> **Your instructions**:
Set down exactly the lines running from the one with "Frothy Water And" to the last line of the listing below, both included, and skip every picture.

> **Collected material**:

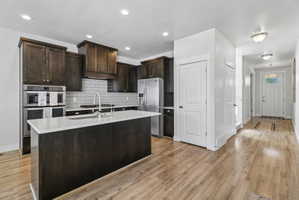 Kitchen featuring dark wood finish cabinets, stainless steel appliances, light stone counters, a center island with sink, and light wood finished floors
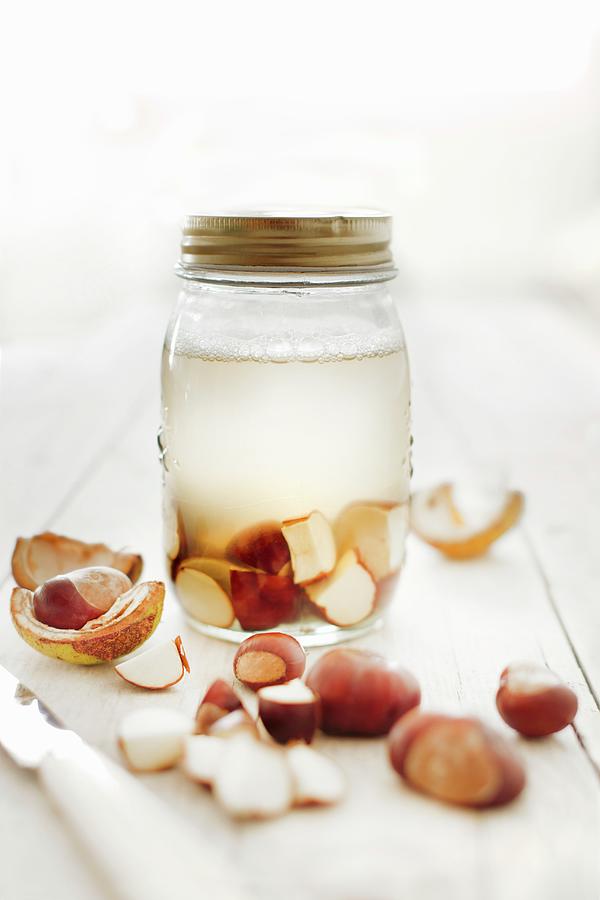 Frothy Water And Freshly Cut Chestnuts In A Screw Top Glass Jar Photograph by Sabine Lscher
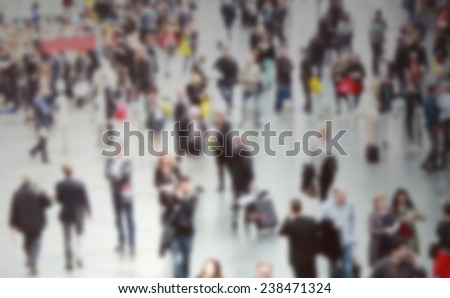 People crowd background, intentionally blurred post production.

> **Output**:
 Frothy Water And Freshly Cut Chestnuts In A Screw Top Glass Jar Photograph by Sabine Lscher
 People crowd background, intentionally blurred post production.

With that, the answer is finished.